Im Oktober 2020 konnte das Historische Museum Frankfurt aus Privatbesitz einen Pokal erwerben, der als Preis für einem Wettbewerb der Internationalen Luftfahrt-Ausstellung 1909 in Frankfurt ausgesetzt war. Die Ausstellung fand auf dem Ausstellungsgelände der Festhalle statt und hatte über 1, 5 Millionen Besucher*innen.

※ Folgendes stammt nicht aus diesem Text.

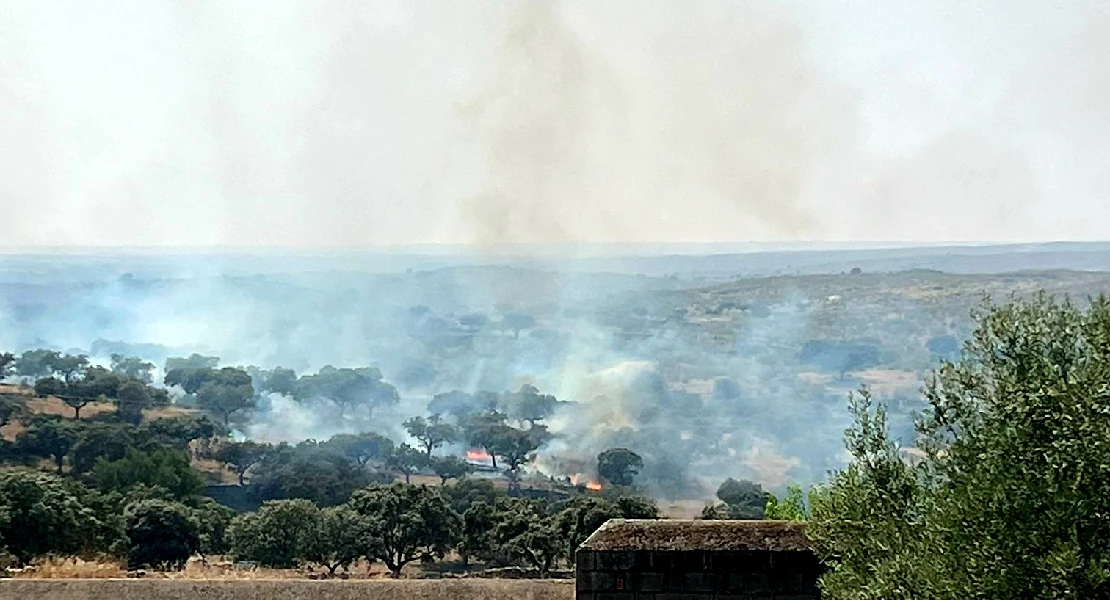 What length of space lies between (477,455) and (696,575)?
636 inches

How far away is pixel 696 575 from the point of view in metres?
6.55

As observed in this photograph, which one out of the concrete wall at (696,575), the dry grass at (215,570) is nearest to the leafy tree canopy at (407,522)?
the dry grass at (215,570)

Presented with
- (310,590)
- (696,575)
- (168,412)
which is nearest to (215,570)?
(310,590)

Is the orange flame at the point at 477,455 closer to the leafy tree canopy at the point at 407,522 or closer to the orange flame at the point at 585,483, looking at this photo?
the orange flame at the point at 585,483

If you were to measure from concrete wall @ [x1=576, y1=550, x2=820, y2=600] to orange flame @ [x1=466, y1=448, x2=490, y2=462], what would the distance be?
51.8ft

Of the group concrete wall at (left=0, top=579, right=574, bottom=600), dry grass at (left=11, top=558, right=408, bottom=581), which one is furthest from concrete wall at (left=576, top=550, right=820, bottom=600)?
dry grass at (left=11, top=558, right=408, bottom=581)

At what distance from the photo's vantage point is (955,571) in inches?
199

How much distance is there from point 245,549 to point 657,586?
11393mm

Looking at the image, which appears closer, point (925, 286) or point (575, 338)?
point (925, 286)

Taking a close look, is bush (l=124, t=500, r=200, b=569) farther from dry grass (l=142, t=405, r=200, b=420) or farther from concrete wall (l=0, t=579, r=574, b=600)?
concrete wall (l=0, t=579, r=574, b=600)

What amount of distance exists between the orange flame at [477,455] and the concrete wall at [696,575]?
15.8 metres

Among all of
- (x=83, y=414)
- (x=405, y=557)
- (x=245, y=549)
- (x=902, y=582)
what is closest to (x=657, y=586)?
(x=902, y=582)

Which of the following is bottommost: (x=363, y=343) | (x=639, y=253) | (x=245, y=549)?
(x=245, y=549)

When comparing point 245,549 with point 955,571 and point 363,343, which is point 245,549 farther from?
point 955,571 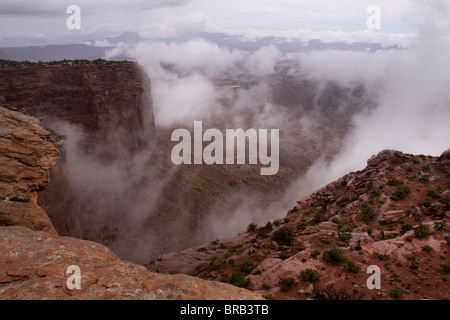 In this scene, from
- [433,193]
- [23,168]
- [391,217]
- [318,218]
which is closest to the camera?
[23,168]

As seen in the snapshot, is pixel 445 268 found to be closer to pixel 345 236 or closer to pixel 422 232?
pixel 422 232

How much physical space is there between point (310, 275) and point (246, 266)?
5.80 metres

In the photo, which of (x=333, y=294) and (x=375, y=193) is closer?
(x=333, y=294)

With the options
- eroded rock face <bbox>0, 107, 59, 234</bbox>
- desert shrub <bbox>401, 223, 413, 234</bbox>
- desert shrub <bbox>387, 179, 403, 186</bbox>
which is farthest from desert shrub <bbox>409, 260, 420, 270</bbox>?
eroded rock face <bbox>0, 107, 59, 234</bbox>

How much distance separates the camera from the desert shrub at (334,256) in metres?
15.5

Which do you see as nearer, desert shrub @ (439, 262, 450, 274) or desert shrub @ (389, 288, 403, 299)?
desert shrub @ (389, 288, 403, 299)

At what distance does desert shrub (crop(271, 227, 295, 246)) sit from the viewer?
20225 mm

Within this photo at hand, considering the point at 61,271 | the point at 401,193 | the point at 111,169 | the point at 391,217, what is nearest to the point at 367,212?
the point at 391,217

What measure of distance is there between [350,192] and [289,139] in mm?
117972

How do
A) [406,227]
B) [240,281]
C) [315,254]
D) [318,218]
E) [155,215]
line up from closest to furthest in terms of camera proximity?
1. [240,281]
2. [315,254]
3. [406,227]
4. [318,218]
5. [155,215]

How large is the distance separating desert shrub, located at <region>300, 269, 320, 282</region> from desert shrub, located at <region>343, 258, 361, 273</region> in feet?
6.47

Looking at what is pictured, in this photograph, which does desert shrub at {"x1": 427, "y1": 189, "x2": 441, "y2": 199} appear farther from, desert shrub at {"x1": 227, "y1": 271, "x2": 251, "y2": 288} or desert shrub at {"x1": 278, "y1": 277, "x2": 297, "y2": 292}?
desert shrub at {"x1": 227, "y1": 271, "x2": 251, "y2": 288}

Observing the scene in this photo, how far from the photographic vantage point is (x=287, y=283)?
13.9m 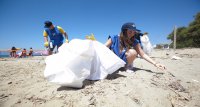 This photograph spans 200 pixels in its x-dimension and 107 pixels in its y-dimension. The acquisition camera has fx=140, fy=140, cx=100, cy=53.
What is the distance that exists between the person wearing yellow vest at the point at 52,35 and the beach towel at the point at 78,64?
2.32 m

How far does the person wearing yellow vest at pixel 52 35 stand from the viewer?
3762mm

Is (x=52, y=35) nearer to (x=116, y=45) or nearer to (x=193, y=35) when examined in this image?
(x=116, y=45)

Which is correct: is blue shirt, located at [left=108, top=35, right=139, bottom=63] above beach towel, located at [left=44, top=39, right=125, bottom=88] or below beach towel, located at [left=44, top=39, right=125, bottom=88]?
above

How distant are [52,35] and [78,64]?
2.60 meters

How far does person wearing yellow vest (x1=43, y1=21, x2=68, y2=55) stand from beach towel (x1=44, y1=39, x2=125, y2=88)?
2.32m

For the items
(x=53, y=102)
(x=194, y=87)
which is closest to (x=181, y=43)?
(x=194, y=87)

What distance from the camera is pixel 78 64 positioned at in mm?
1560

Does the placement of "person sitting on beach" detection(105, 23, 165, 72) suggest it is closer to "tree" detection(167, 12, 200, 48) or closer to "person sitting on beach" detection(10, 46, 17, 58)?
"person sitting on beach" detection(10, 46, 17, 58)

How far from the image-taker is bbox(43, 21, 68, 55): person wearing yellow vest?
12.3 feet

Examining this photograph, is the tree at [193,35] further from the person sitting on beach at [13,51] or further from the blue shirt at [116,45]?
the person sitting on beach at [13,51]

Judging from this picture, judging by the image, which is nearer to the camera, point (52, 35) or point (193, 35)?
point (52, 35)

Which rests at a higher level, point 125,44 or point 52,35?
point 52,35

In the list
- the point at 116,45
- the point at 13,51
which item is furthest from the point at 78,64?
the point at 13,51

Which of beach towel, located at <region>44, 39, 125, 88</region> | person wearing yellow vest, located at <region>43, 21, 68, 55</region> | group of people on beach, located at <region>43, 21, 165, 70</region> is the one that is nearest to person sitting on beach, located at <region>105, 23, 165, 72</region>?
group of people on beach, located at <region>43, 21, 165, 70</region> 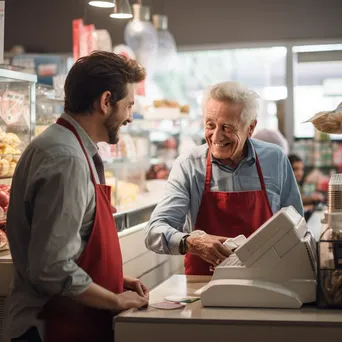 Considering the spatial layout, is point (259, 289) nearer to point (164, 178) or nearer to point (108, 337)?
point (108, 337)

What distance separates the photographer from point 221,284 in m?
2.56

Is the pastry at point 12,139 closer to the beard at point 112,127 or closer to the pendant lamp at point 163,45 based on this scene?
the beard at point 112,127

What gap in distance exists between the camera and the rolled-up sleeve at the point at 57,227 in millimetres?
2188

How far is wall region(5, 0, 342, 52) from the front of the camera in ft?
30.6

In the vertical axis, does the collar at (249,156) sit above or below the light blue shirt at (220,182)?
above

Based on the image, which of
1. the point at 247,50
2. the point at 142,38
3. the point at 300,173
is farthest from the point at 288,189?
the point at 247,50

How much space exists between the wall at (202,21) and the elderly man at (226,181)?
6.29m

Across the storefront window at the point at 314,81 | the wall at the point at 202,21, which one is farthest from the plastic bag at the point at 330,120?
the wall at the point at 202,21

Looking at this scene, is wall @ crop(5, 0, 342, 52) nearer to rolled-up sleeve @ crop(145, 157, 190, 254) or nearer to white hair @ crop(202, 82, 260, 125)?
white hair @ crop(202, 82, 260, 125)

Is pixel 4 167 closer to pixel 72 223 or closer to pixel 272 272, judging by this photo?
pixel 72 223

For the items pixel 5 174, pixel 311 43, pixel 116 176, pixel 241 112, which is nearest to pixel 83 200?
pixel 241 112

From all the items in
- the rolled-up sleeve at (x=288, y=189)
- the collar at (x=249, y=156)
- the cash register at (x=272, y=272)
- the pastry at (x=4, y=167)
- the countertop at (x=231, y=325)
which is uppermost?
the collar at (x=249, y=156)

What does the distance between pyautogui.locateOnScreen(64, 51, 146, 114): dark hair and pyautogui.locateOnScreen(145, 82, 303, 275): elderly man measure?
0.90 m

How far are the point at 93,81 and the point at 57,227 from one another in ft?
1.88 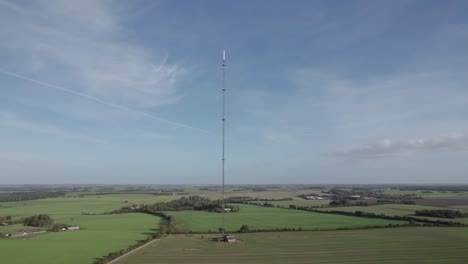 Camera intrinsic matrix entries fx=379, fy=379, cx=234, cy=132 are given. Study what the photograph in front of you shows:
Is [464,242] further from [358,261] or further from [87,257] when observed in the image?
[87,257]

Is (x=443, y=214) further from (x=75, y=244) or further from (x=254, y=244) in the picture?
(x=75, y=244)

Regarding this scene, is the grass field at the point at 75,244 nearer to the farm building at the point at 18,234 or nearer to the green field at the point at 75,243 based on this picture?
the green field at the point at 75,243

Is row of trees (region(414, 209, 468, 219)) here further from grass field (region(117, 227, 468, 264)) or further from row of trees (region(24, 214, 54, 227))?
row of trees (region(24, 214, 54, 227))

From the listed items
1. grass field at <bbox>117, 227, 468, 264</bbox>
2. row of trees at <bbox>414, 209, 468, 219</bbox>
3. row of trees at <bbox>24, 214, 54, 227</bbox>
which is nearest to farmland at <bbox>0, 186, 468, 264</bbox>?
grass field at <bbox>117, 227, 468, 264</bbox>

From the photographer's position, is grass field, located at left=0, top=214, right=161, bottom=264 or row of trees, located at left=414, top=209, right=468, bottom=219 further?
row of trees, located at left=414, top=209, right=468, bottom=219

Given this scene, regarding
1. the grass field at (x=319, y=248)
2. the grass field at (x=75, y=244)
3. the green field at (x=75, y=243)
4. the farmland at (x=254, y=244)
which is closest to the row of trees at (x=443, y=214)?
the farmland at (x=254, y=244)

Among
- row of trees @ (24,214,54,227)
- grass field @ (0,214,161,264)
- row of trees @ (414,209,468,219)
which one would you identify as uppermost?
row of trees @ (414,209,468,219)

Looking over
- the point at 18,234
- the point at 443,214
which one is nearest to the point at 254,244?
the point at 18,234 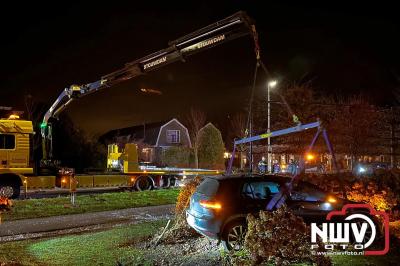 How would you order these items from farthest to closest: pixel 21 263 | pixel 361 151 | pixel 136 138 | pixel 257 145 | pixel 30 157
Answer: pixel 136 138
pixel 257 145
pixel 361 151
pixel 30 157
pixel 21 263

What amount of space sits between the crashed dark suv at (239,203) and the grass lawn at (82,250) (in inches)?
57.4

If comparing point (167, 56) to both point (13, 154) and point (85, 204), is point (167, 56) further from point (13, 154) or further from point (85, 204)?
point (13, 154)

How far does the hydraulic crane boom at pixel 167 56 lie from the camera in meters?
14.1

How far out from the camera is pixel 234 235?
29.7ft

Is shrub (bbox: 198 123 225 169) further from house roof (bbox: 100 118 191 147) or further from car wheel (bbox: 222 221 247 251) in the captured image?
car wheel (bbox: 222 221 247 251)

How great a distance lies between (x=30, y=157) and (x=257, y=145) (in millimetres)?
21039

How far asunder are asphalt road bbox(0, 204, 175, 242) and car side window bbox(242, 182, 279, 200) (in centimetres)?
502

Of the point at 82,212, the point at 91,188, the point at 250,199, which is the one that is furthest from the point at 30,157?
the point at 250,199

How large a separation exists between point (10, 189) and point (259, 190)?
13.6 m

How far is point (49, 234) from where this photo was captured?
11.7m

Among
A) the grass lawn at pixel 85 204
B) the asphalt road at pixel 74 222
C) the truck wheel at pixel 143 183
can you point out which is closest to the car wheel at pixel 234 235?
the asphalt road at pixel 74 222

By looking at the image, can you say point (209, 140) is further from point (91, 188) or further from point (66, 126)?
point (91, 188)

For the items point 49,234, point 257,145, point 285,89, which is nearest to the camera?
point 49,234

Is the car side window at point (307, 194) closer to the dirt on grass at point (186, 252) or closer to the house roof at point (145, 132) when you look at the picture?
the dirt on grass at point (186, 252) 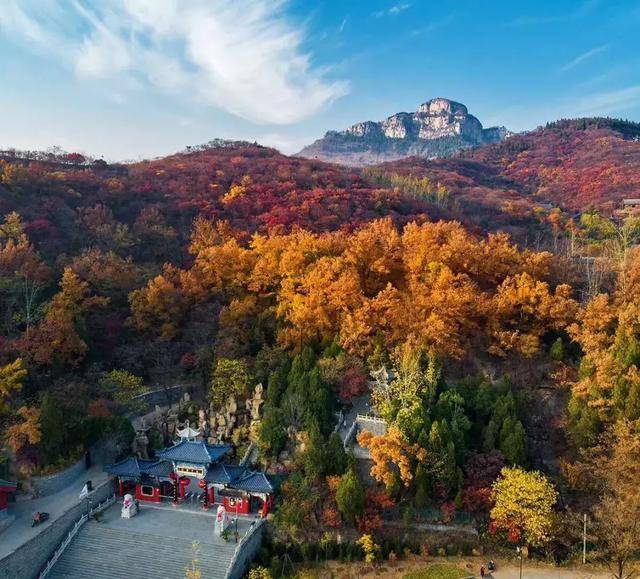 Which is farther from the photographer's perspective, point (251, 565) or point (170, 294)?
point (170, 294)

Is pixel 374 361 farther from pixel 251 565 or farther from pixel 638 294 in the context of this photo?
pixel 638 294

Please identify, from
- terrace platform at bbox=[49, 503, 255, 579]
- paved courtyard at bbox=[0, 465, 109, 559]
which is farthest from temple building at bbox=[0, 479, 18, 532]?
terrace platform at bbox=[49, 503, 255, 579]

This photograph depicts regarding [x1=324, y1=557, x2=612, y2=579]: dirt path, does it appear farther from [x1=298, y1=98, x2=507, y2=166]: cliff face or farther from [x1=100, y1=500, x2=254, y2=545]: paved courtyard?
[x1=298, y1=98, x2=507, y2=166]: cliff face

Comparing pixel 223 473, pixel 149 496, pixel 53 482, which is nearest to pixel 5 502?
pixel 53 482

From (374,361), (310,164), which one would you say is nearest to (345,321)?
(374,361)

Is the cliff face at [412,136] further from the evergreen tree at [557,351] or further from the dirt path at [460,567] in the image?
the dirt path at [460,567]

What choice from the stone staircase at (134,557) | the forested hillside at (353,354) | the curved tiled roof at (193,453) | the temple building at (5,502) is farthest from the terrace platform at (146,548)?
the forested hillside at (353,354)

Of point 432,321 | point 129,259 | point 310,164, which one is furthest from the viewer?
point 310,164

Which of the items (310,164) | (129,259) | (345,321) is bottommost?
(345,321) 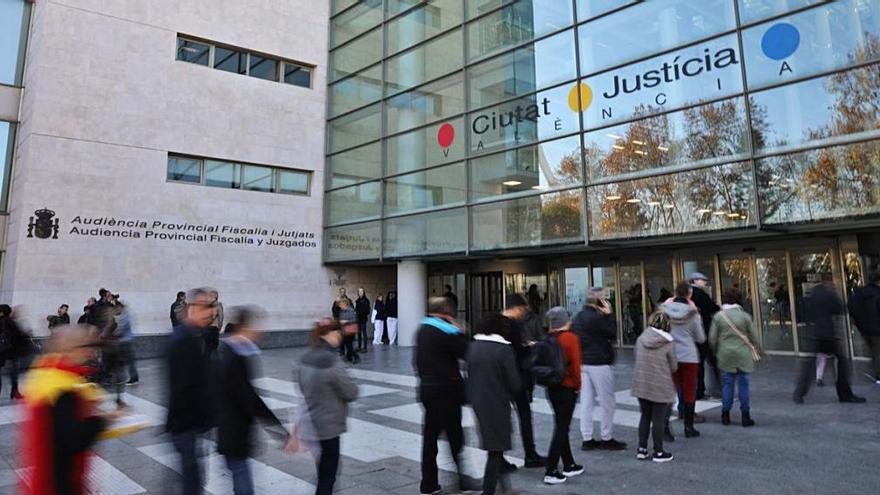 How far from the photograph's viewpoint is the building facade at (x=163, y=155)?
15891mm

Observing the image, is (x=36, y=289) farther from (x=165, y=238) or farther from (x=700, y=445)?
(x=700, y=445)

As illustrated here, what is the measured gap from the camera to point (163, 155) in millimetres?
17734

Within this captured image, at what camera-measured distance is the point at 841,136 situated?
34.7 feet

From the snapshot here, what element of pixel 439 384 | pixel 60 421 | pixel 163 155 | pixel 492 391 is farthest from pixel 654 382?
pixel 163 155

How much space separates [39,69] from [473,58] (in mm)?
12325

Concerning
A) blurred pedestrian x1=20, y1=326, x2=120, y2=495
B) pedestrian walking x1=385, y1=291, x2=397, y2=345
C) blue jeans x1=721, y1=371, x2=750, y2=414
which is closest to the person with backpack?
blue jeans x1=721, y1=371, x2=750, y2=414

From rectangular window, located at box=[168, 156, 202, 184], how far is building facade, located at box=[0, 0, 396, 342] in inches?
1.6

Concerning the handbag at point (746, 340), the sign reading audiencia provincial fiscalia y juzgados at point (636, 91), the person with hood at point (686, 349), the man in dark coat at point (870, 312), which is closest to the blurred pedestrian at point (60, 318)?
the sign reading audiencia provincial fiscalia y juzgados at point (636, 91)

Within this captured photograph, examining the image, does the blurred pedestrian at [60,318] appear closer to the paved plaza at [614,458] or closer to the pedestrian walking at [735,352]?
the paved plaza at [614,458]

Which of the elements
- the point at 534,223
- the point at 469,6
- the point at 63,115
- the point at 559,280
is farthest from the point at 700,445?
the point at 63,115

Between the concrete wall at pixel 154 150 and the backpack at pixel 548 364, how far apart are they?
15199 millimetres

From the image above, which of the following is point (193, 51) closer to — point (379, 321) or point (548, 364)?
point (379, 321)

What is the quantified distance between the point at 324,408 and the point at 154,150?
1629 centimetres

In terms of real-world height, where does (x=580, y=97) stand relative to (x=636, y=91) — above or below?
above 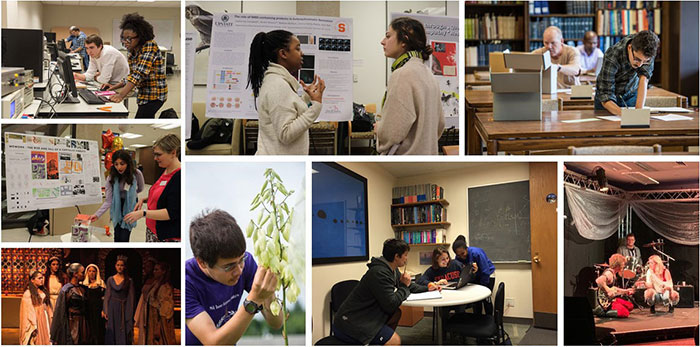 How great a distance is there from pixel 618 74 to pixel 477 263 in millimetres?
1908

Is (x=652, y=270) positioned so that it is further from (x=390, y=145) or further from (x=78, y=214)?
(x=78, y=214)

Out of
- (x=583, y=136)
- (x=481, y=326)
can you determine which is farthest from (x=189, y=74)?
(x=583, y=136)

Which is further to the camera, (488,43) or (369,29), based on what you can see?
(488,43)

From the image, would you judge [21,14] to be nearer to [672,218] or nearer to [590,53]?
[672,218]

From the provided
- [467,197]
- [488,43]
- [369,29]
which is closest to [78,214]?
[467,197]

Die Spenderin des Pokals war die „Freifrau Wilhelm von Rothschild“. Hannah Mathilde von Rothschild (1832-1924) war die zweitälteste Tochter von Anselm Salomon Rothschild (Wien). Sie heiratete 1849 Wilhelm Carl von Rothschild, Sohn von Karl Mayer (Neapel). Nach dem Tod von Amschel Mayer (Frankfurt) übernahm Wilhelm Carl 1855 die Leitung des Frankfurter Bankhauses. Der Wohnsitz des Ehepaares war zunächst im großen Haus Zeil 34 (Heute: Nr. 92) und ab ca. 1865 das Schloß Grüneburg im Grüneburgpark.  Ab 1888 erbauten sie als Sommersitz die Villa Rothschild in Königstein. Hannah Mathilde und Wilhelm hatten drei Töchter. Mit Wilhelms  Tod 1901 wurde das Frankfurter Bankhaus liquidiert und von der Diskonto-Gesellschaft übernommen.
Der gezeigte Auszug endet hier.